Publié le :
30/3/2026

Les évolutions législatives récemment intervenues convergent en direction d’une réduction des exigences en matière de création d’aires de stationnement afin de favoriser la création de logements. La réalisation de l’offre de stationnement requise par le document local d’urbanisme est identifiée comme un poste de coût et/ou une contrainte technique qui dissuade, ci et là, la création de logements, notamment par la transformation de bâtiments existants.
Dans le même temps, le législateur a dû intervenir en réaction à l’appétence constante des porteurs de projets commerciaux et cinématographiques pour les grandes nappes de stationnement, ces derniers ayant encore quelques difficultés à accéder aux injonctions de déconstruction de l’aphorisme de Bernardo Trujillo selon lequel sans parking, point de business (« No parking, ni business »).
Ainsi, l’article L. 111-19 du code de l’urbanisme dispose que « Nonobstant toute disposition contraire du plan local d'urbanisme, l'emprise au sol des surfaces, bâties ou non, affectées aux aires de stationnement annexes d'un commerce soumis à l'autorisation d'exploitation commerciale prévue aux 1° et 4° du I de l'article L. 752-1 du code de commerce et à l'autorisation prévue au 1° de l'article L. 212-7 du code du cinéma et de l'image animée, ne peut excéder un plafond correspondant aux trois quarts de la surface de plancher des bâtiments affectés au commerce ».
Les auteurs des documents locaux d’urbanisme ont conservé, toutefois, la faculté de prévoir que ce seuil est augmenté sans pour autant pouvoir excéder la totalité de la surface de plancher destinée au commerce, à la faveur de l’article L. 151-37 du code de l’urbanisme[1].
Une difficulté d’interprétation de ces dispositions est toutefois apparue, aux conséquences pratiques substantielles.
Ainsi, la doctrine de l’administration centrale a considéré, aux termes d’une réponse ministérielle du 31 octobre 2023[2], s'agisant de l’emprise au sol des surfaces affectées aux aires de stationnement au sens et pour l’application des dispositions de l’article L. 111-19 du code de l’urbanisme, que :
« La surface des voies permettant l'accès aux places de stationnement doit donc bien être intégrée au calcul de « l'emprise au sol des surfaces, bâties ou non, affectées aux aires de stationnement annexes d'un commerce » ».
Elle devait toutefois être contredite par la 3ème chambre de la cour administrative d’appel de Nancy, qui jugeait inversement que « ne doivent pas être retenus pour la détermination de l'emprise au sol maximale autorisée les voies internes de desserte de ces différentes places de stationnement et les cheminements internes réservés aux piétons (…) qui ne sont pas dédiés spécifiquement au stationnement des véhicules et qui ne constituent donc pas des " aires de stationnement " au sens des dispositions en cause »[3].
Saisi d’un pourvoi en cassation contre cet arrêt, à l’initiative du Ministre, le Conseil d’État se range derrière la lecture de l’administration centrale et censure la décision nancéenne en considérant que, pour le calcul de l’emprise maximale fixée à l’article L. 111-19 du code de l’urbanisme, doivent être « prises en compte les voies de desserte des places de stationnement et des cheminements internes réservés aux piétons, qui ne sont pas dédiés spécifiquement au stationnement des véhicules ».
CE 25 mars 2026, req n° 504141 : Tab.
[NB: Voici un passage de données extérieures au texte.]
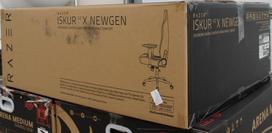SALE OUT. | Razer Iskur V2 X NewGen | Gaming Chair | Black/Green | DAMAGED ITEM AND PACKAGING. ITEM SCRATCHED, DIRTY. MISSING: G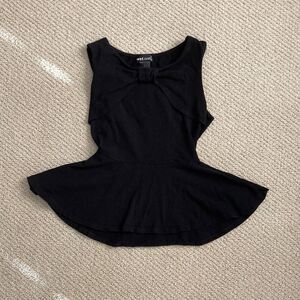 Wet Seal Black Peplum Blouse Top Bow Front Flutter Size Small RN 78749 Like New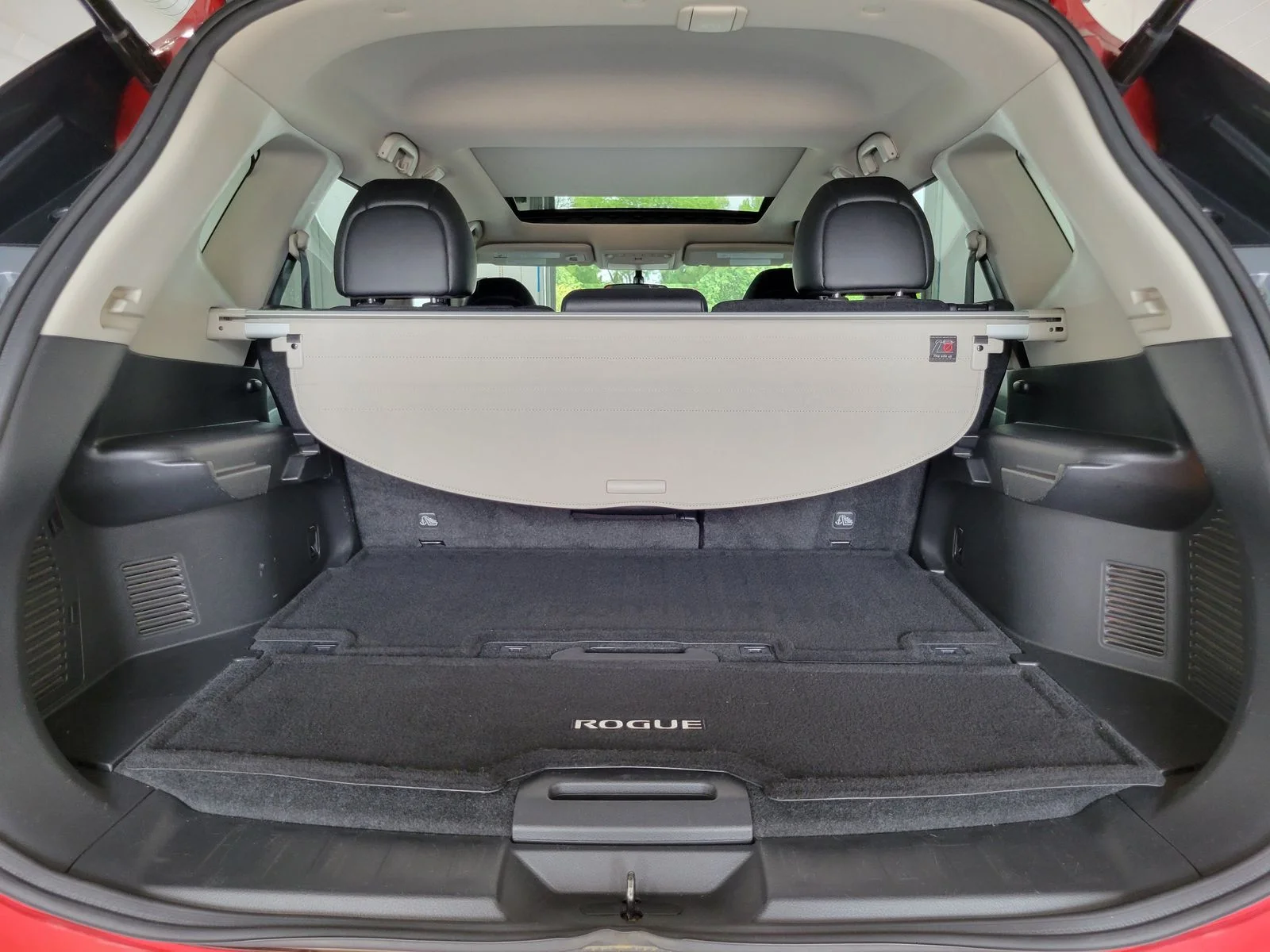 Used 2016 Red Nissan SL image 30
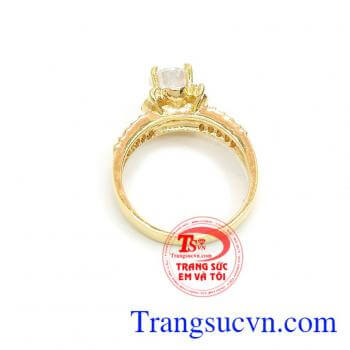 Nhẫn nữ đính đá sang trọng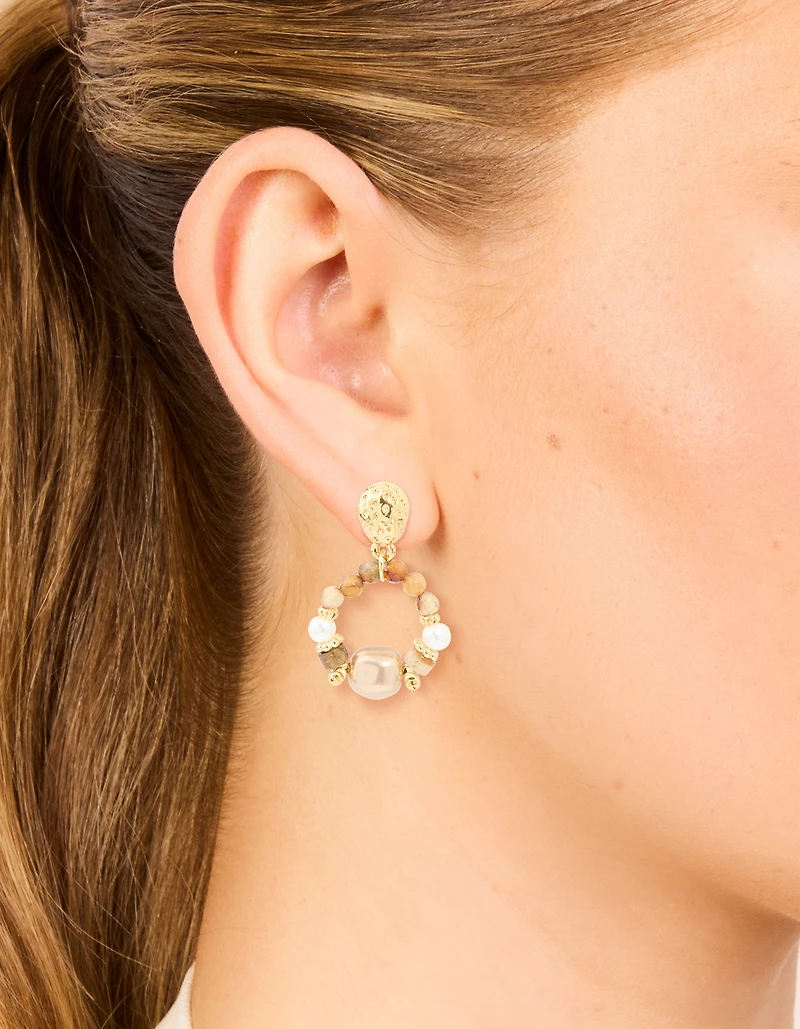 Boucles d’oreilles pendantes en perle plaquée or et perlées en fusion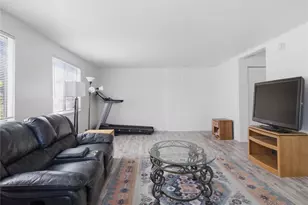2719 S 125th St, Seattle, WA 98168 - Photo 16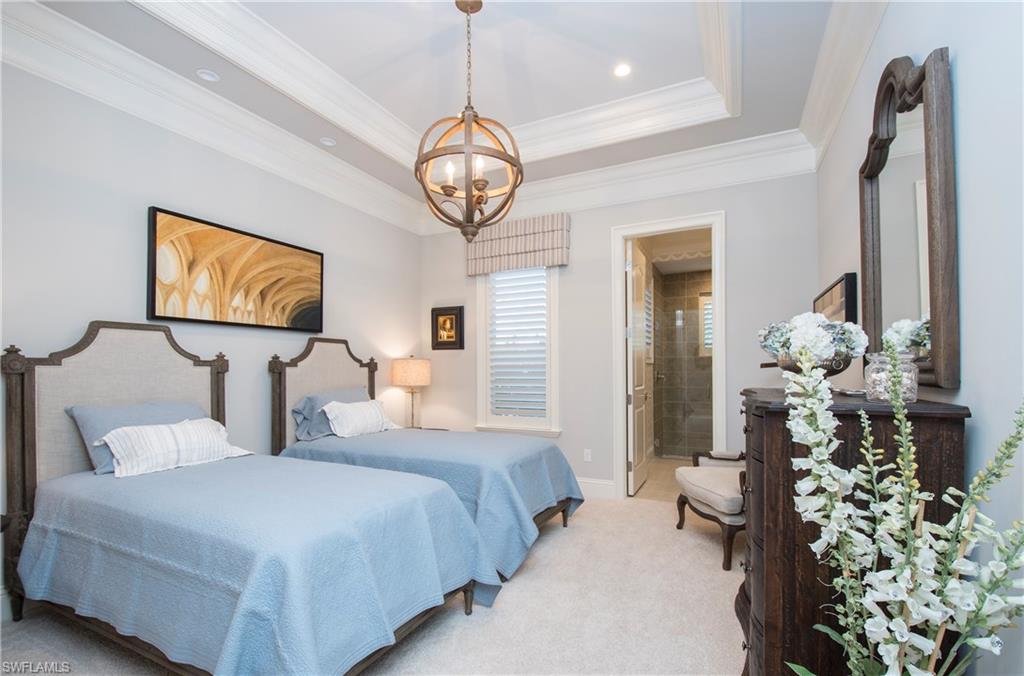 QUAIL WEST - Residential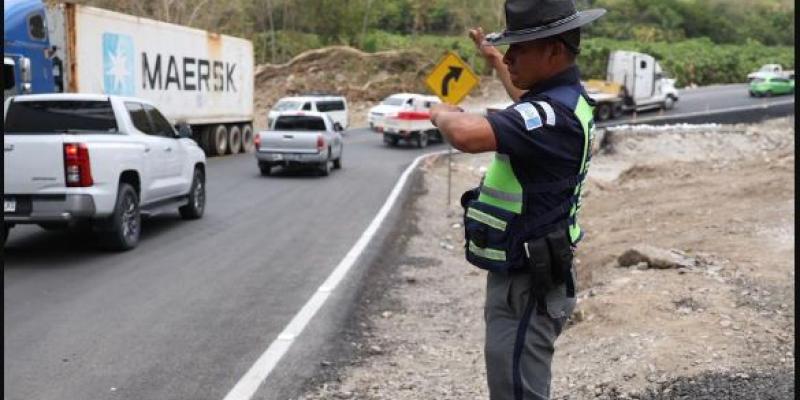 Paso provisional vuelve a conectar: familias y transportistas retoman sus recorridos por el kilómetro 111 CA-9 Norte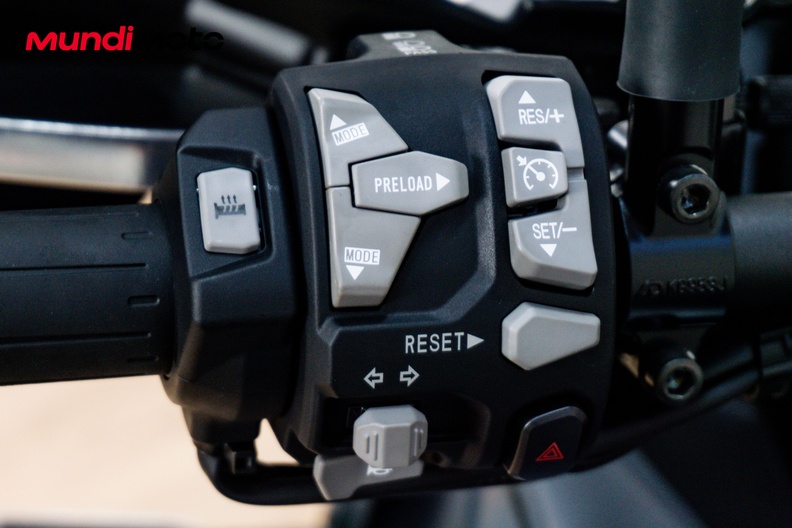 Motorbike image 12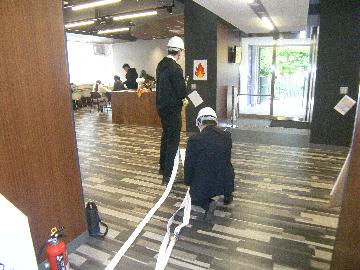 屋内消火栓を活用し初期消火実施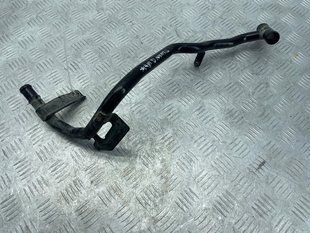 Трубопровід системи охолодження 04L121065CR Volkswagen Tiguan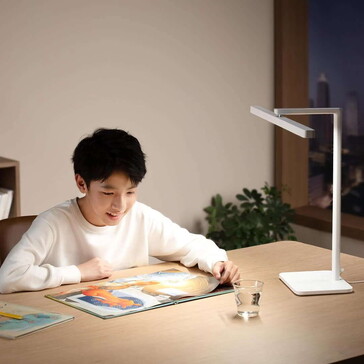 Si dice che la lampada sia adatta per illuminare le postazioni di lavoro.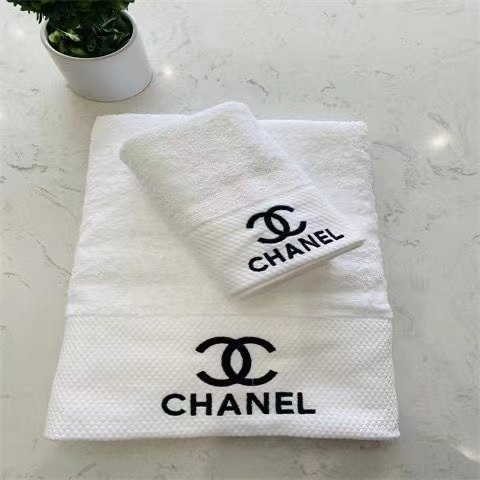 詳細な写真と価格については私に連絡してください。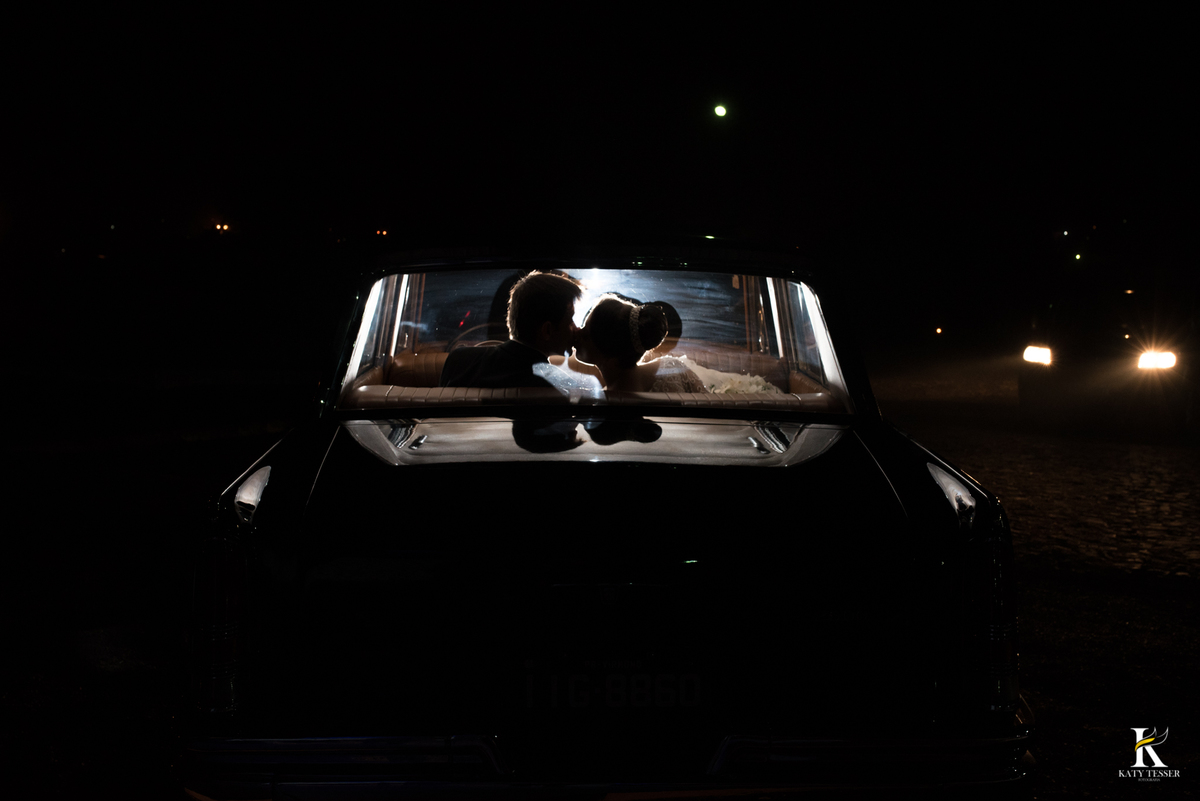 sessão de fotos dos noivos depois da cerimonia a noiva com vestido e buquet o noivo de terno para as fotos do casal com o carro antigo katy tesser fotografa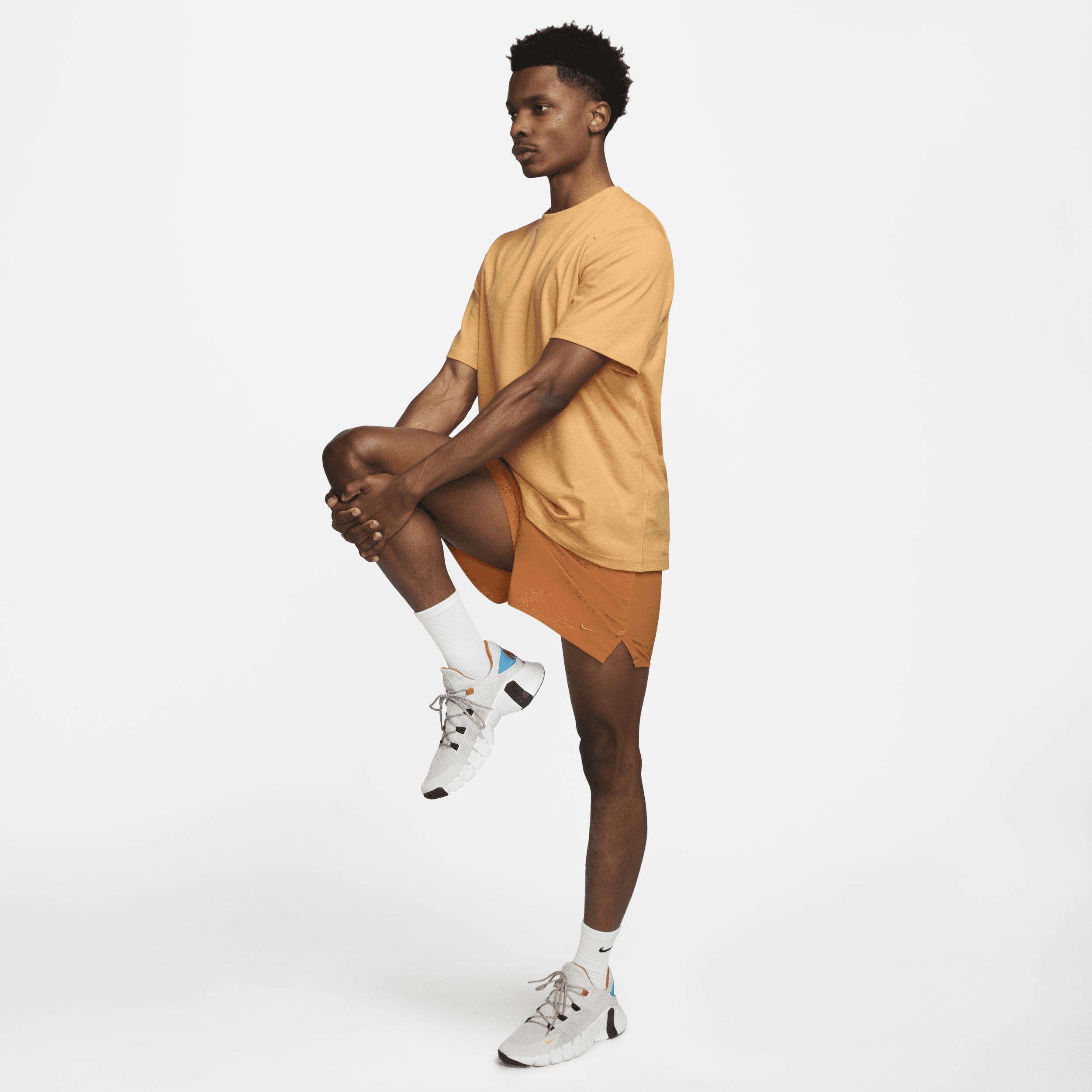 Nike Mens Dri-FIT Primary Versatile Top Product Image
Leb.
Les conséquences d’une telle décision sur les projets en cours de montage, d’instruction et/ou récemment accordées sont substantielles en ce qu’elles viennent réduire, dans des proportions potentiellement importantes, la surface des aires de stationnement annexes des commerces et cinémas soumis à avis favorable des CDAC et CDACi.
[1] « Le plan local d'urbanisme peut augmenter le plafond défini à l'article L. 111-19 pour le fixer à un niveau compris entre les trois quarts et la totalité de la surface de plancher affectée au commerce ».